No one knows who killed the six children and two adults. Two smoked cigarettes were found in the attic, leading police to believe the killer(s) had hidden in the attic, waiting for the family to go to sleep, then snuck down and bludgeoned the victims with Mr. Moore’s own ax.
When the bodies were discovered, all the mirrors had been covered by towels. It was as if whoever killed these people couldn’t stand to see their own face.
Who Could Do This?
Over the years, four men were suspected of committing the murders: William Mansfield, Henry Moore, Frank F. Jones, and Reverend Lyn George Kelly. Though Kelly confessed to the murders, he was acquitted after two separate trials, leaving the victims without justice to this day.

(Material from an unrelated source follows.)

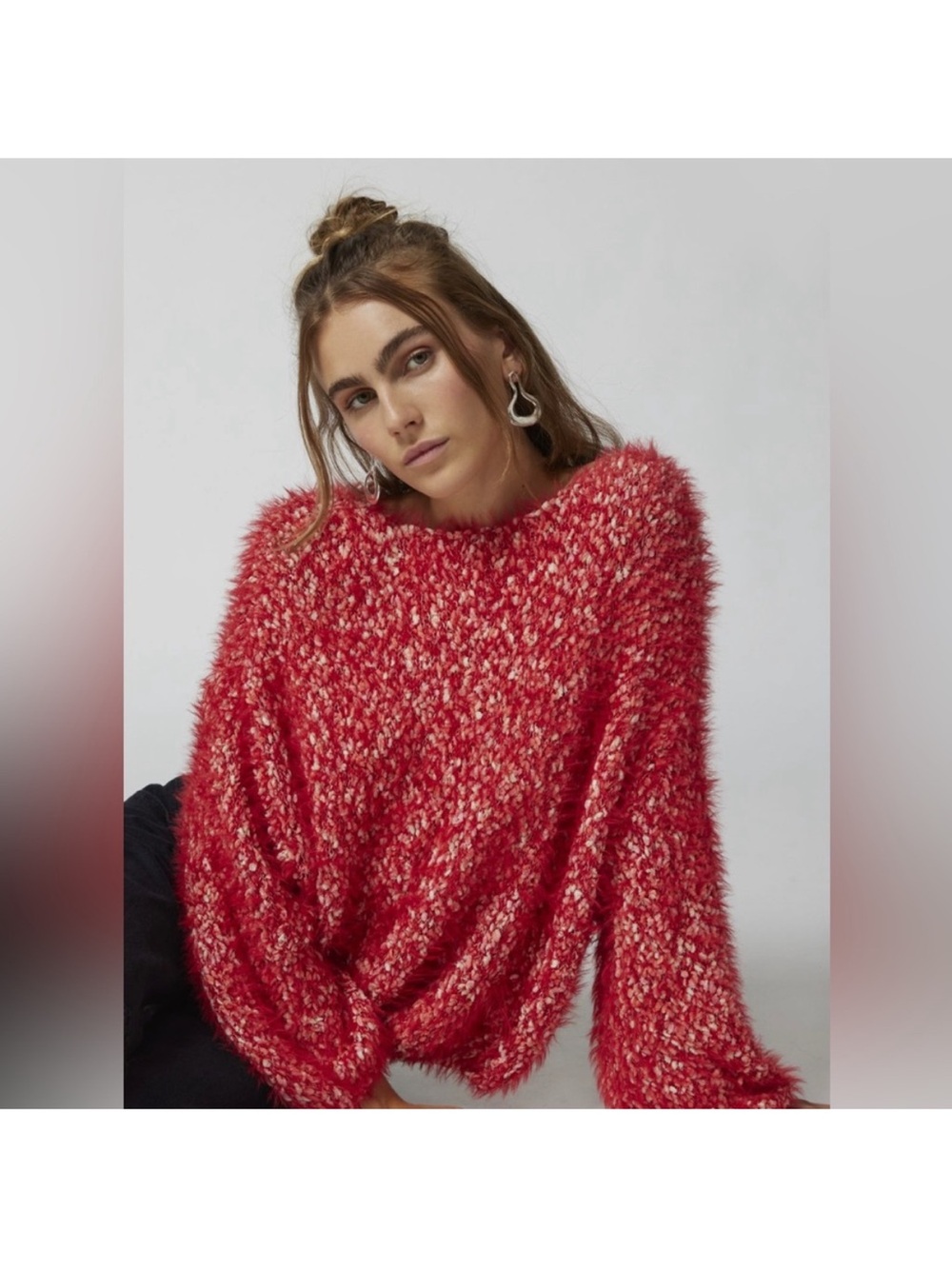 Urban Outfitters‎ Jamie Oversized Fuzzy Sweater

Horrific murders of children? Victims without justice? All of this is an excellent recipe for a haunting.
A Murder House For Sale, Anyone?
After the murders, the home was sold and underwent a significant facelift. The newer owners changed much of the home’s original structure. However, now owned by the Linn family, the house at 508 E 2nd Street has been restored to its original state.
And the Linn’s have no shortage of ghost stories. Items move, children’s voices are heard, shadow people have been seen. Photos, EVPs, and videos have all caught the restless spirits. Some say a demonic presence lingers within the walls, which made the murderer do what they did.
Villisca is only an hour and fifteen minutes from my home. For a while, I fought the urge to view the house because to be blunt: ghosts scare the crap out of me. Having had my share of experiences, I didn’t want to tempt fate by visiting the notorious home. However, in October of 2020, I was coaxed into going.
Visiting An Ax Murder House
It was a cold, rainy day when I pulled up to the Villisca Ax Murder House with my friend Kim. With its decorative wood siding and quarter pane windows, the home gives off a foreboding air.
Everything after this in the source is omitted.